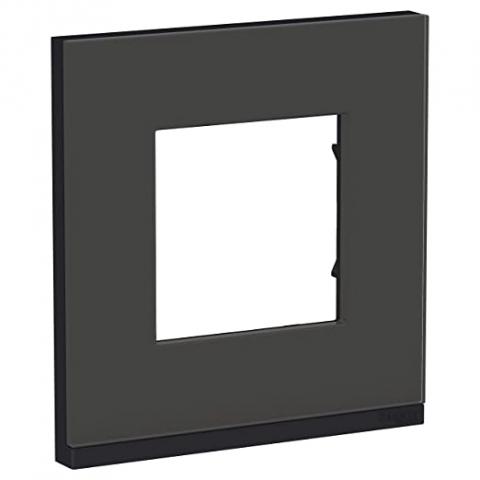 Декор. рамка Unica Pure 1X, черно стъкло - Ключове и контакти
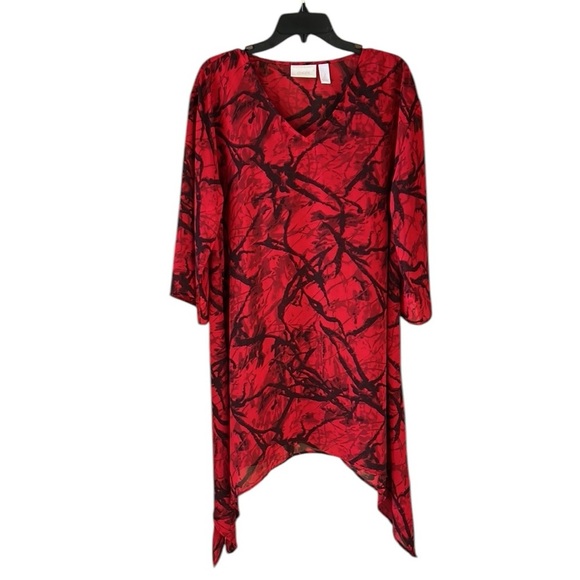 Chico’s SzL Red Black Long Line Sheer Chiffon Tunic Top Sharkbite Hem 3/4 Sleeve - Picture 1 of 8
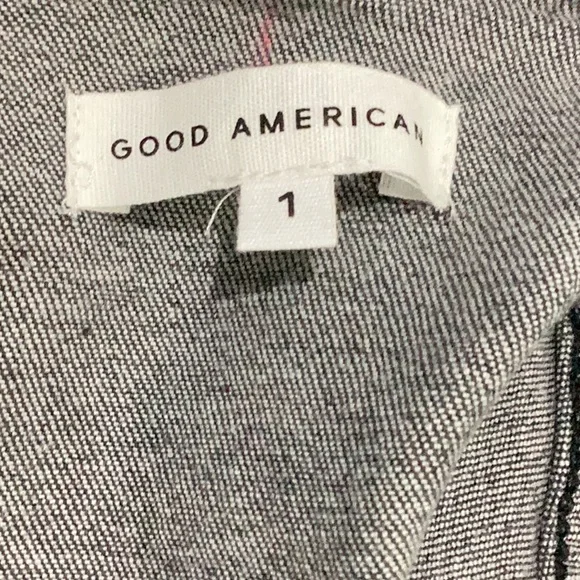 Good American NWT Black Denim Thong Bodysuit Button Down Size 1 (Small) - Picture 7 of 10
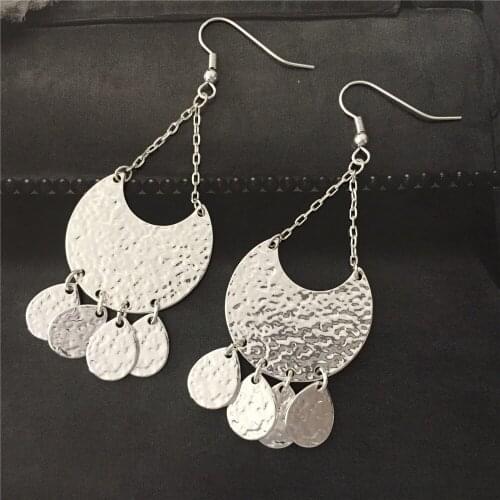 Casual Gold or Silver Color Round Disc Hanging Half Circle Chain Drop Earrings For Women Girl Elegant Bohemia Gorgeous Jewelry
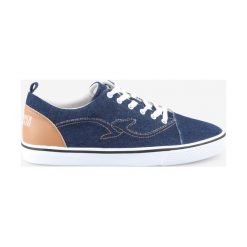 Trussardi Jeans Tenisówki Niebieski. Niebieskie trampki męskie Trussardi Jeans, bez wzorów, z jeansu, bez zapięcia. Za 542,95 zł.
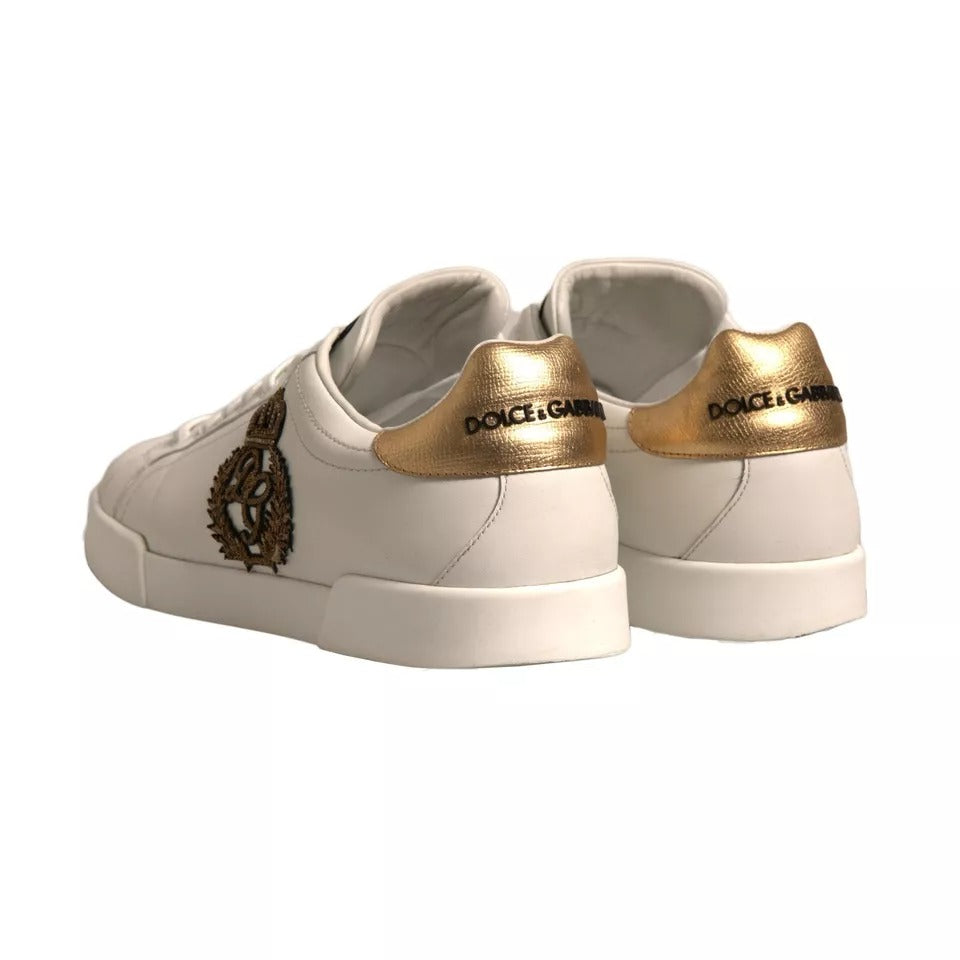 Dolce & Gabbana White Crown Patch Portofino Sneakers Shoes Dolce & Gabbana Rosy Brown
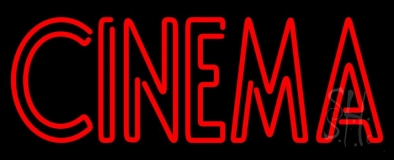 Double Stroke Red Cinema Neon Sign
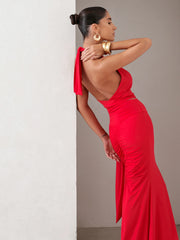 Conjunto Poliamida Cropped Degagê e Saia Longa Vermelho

• • • • • • •

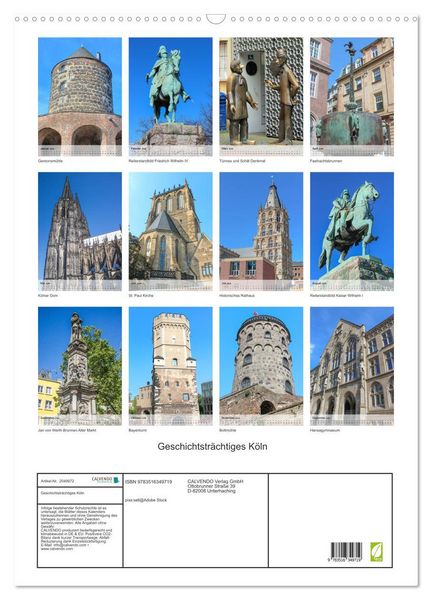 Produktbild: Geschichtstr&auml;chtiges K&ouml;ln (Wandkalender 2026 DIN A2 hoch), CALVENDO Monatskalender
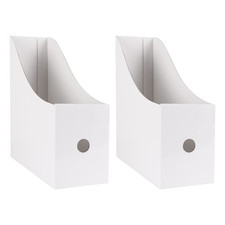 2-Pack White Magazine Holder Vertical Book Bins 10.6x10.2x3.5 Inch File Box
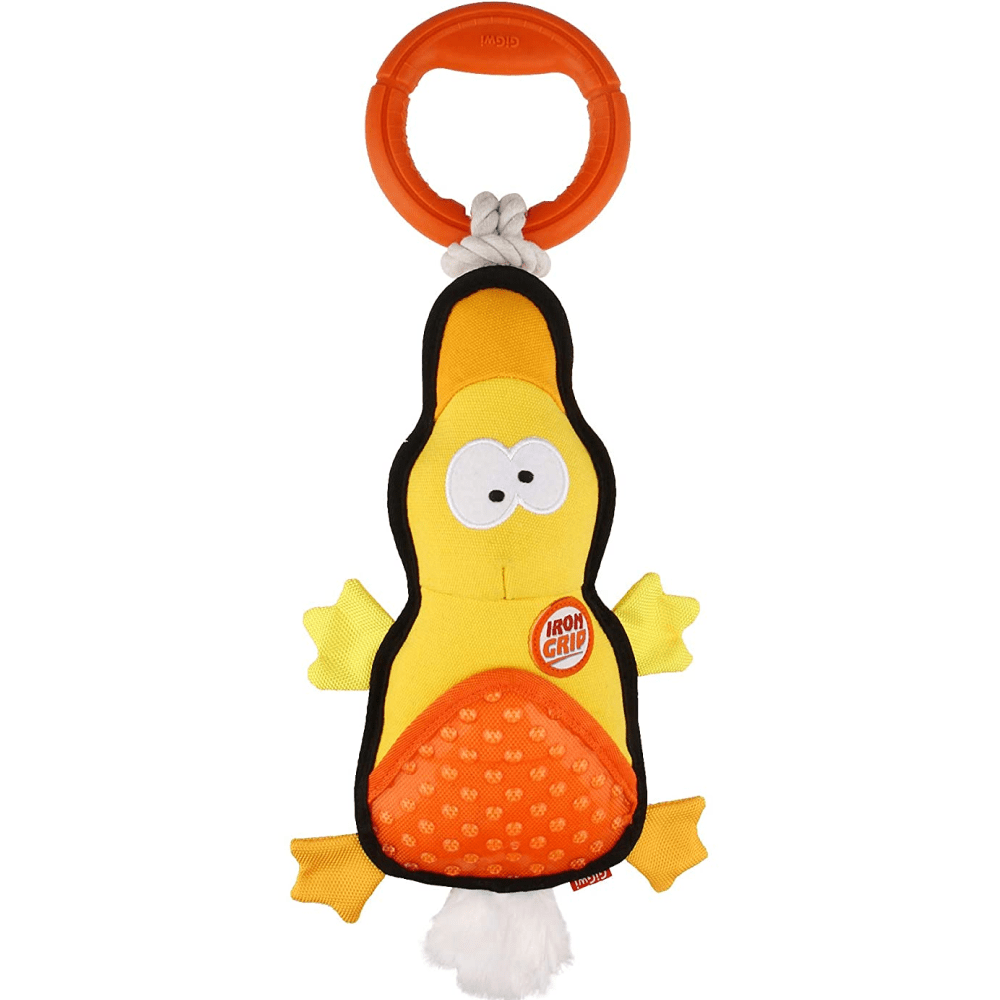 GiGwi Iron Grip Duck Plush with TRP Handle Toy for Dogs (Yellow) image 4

• • • • • • •

--- Task objective ---
What to print is the stretch of entries from the line with "Chico’s SzL Red" up to and including the line with "Conjunto Poliamida Cropped". Please print it exactly and leave out the pictures.

--- Solved problem ---
 Chico’s SzL Red Black Long Line Sheer Chiffon Tunic Top Sharkbite Hem 3/4 Sleeve - Picture 1 of 8
 Good American NWT Black Denim Thong Bodysuit Button Down Size 1 (Small) - Picture 7 of 10
 Casual Gold or Silver Color Round Disc Hanging Half Circle Chain Drop Earrings For Women Girl Elegant Bohemia Gorgeous Jewelry
 Trussardi Jeans Tenisówki Niebieski. Niebieskie trampki męskie Trussardi Jeans, bez wzorów, z jeansu, bez zapięcia. Za 542,95 zł.
 Dolce & Gabbana White Crown Patch Portofino Sneakers Shoes Dolce & Gabbana Rosy Brown
 Double Stroke Red Cinema Neon Sign
 Conjunto Poliamida Cropped Degagê e Saia Longa Vermelho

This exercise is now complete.